DESCRIPTION OF THE TASK
Leave the pictures out. Retype exactly the lines below from the one containing "A bookshelf of" through the one containing "Bright city map in hands of a cafe visitor.", and no others.

GIVEN DATA
══════════════════════════════
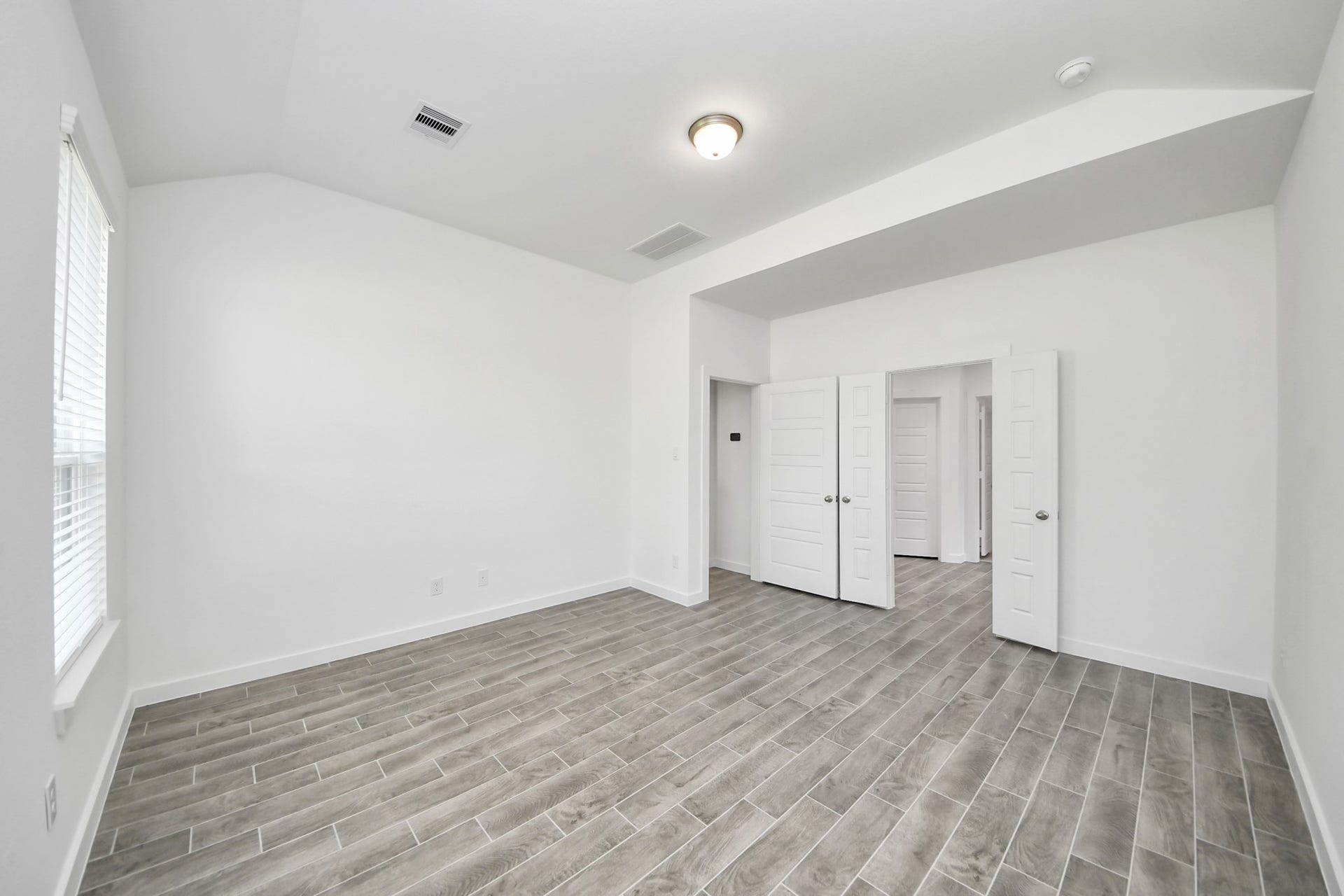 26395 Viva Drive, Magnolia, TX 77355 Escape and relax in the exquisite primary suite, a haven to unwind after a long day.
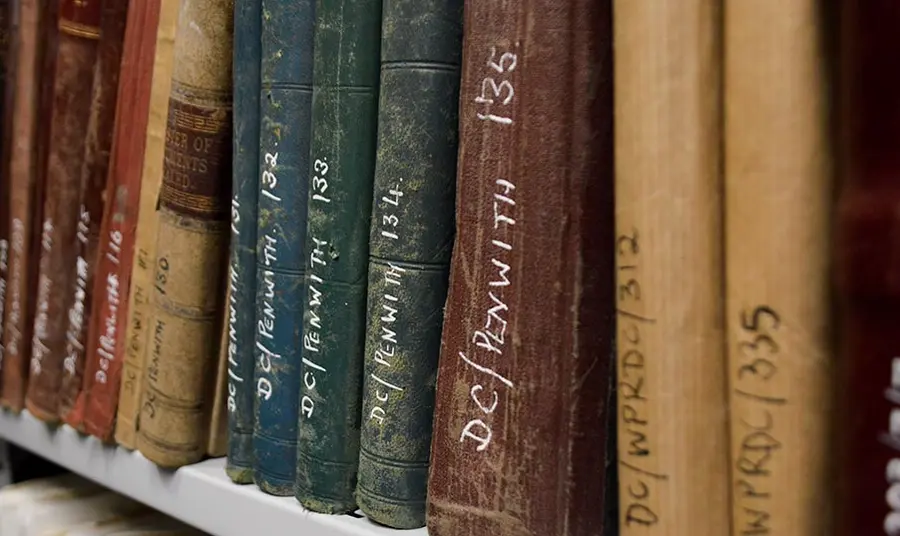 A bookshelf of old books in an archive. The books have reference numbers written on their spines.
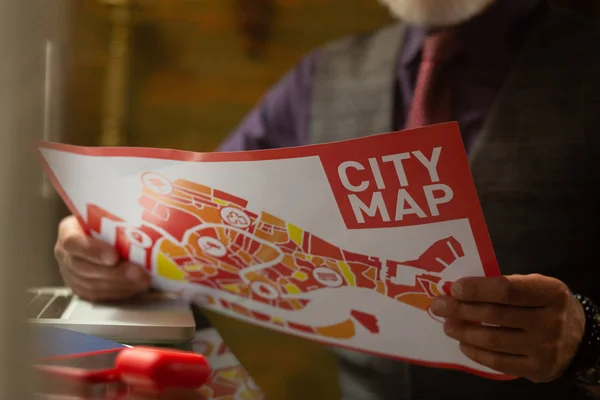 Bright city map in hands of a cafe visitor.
══════════════════════════════
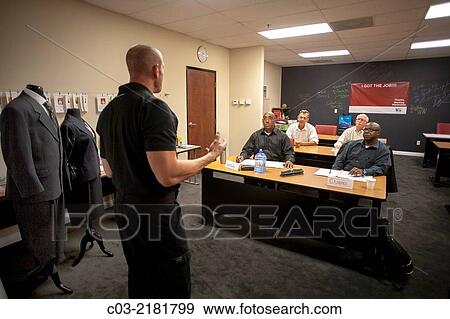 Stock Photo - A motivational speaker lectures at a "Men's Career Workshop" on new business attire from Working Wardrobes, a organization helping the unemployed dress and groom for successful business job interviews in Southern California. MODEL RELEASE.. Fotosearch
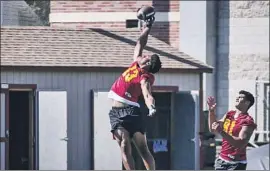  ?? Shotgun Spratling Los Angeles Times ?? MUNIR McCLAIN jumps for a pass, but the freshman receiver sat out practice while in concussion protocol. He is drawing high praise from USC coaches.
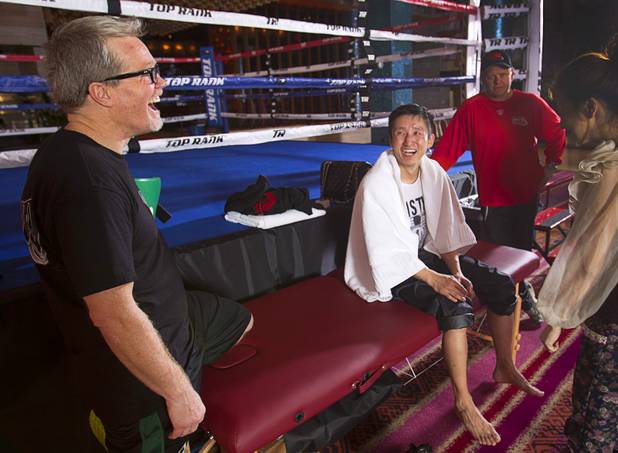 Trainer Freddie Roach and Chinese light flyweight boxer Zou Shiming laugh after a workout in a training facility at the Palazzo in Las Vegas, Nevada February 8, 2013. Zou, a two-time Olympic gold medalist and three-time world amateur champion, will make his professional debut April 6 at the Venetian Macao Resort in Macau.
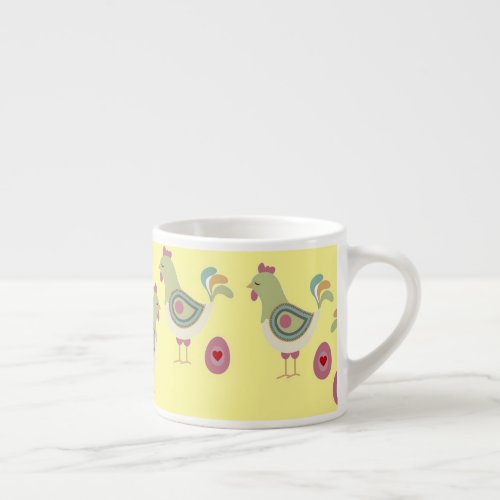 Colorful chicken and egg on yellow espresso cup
══════════════════════════════
REPLY TO THE TASK
 A bookshelf of old books in an archive. The books have reference numbers written on their spines.
 Bright city map in hands of a cafe visitor.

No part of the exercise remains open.